▶ **Aim of the exercise**: Transcribe only part of the material below: the lines from the one containing "Collection</em> Champagne Flutes" through the one containing "Oro Rosa 18K $", inclusive, exactly as written.

▶ **Supplied data**:
·····
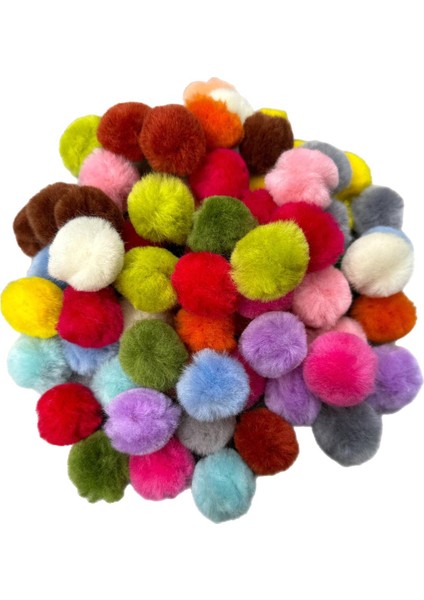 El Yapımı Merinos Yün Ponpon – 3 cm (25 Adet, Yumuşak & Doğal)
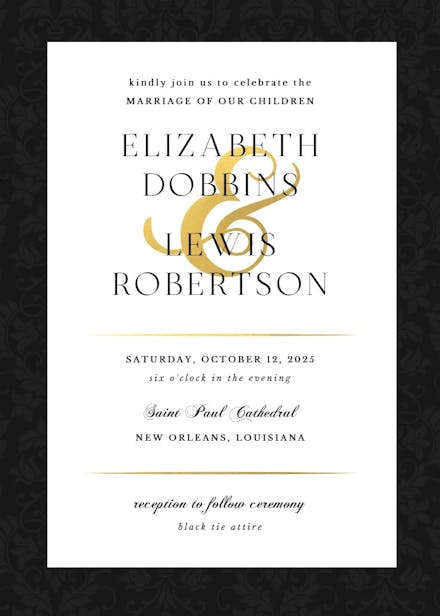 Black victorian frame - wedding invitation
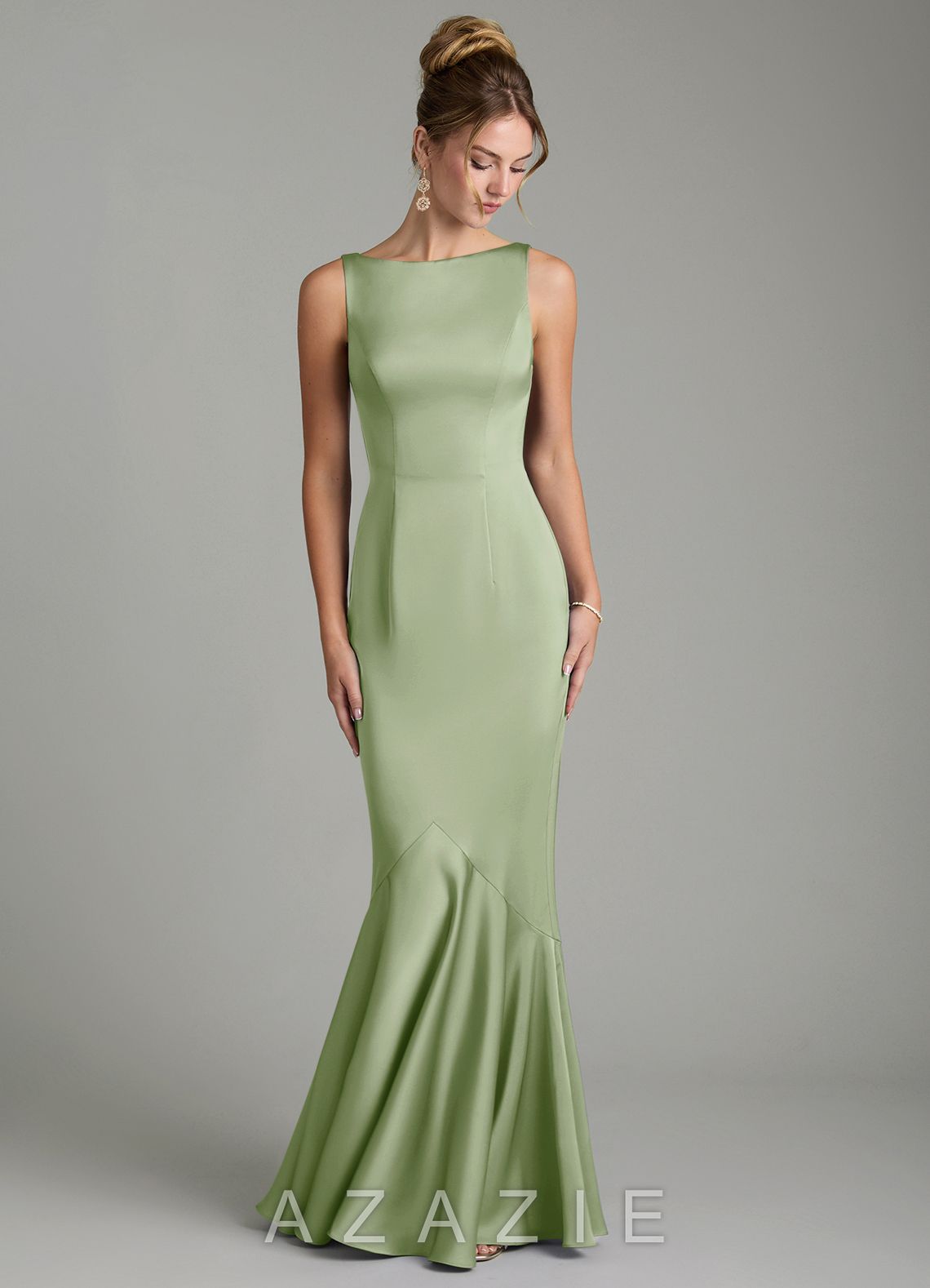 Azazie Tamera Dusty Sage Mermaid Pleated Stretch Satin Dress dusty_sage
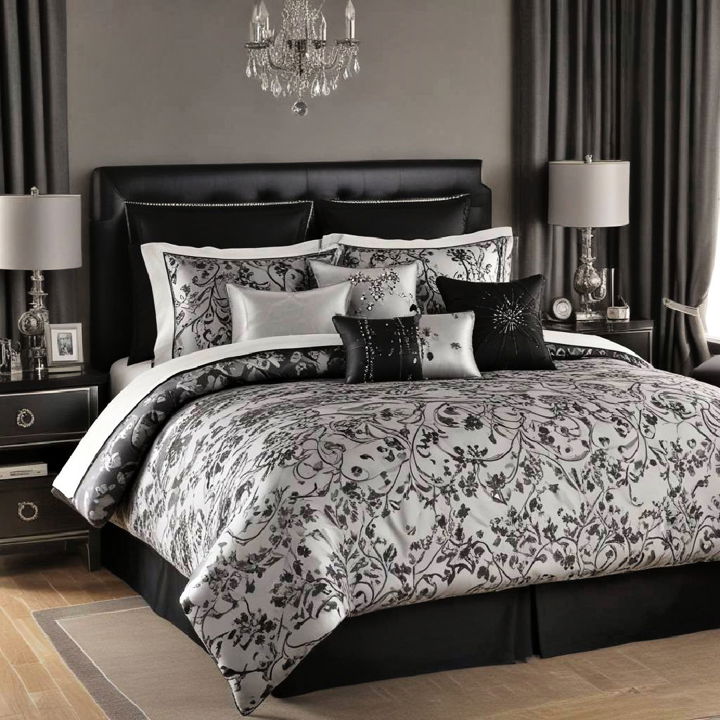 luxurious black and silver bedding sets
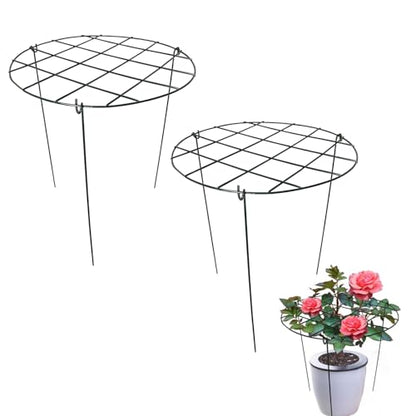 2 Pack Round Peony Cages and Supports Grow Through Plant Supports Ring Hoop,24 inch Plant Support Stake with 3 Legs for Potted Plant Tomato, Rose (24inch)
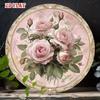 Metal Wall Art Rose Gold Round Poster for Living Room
·····
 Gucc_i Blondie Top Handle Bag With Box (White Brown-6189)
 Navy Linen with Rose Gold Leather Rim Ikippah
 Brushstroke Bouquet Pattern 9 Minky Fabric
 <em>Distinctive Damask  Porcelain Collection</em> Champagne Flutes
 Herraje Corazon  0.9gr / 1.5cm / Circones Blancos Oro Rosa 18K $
·····
▶ **Reply**:
 <em>Distinctive Damask  Porcelain Collection</em> Champagne Flutes
 Herraje Corazon  0.9gr / 1.5cm / Circones Blancos Oro Rosa 18K $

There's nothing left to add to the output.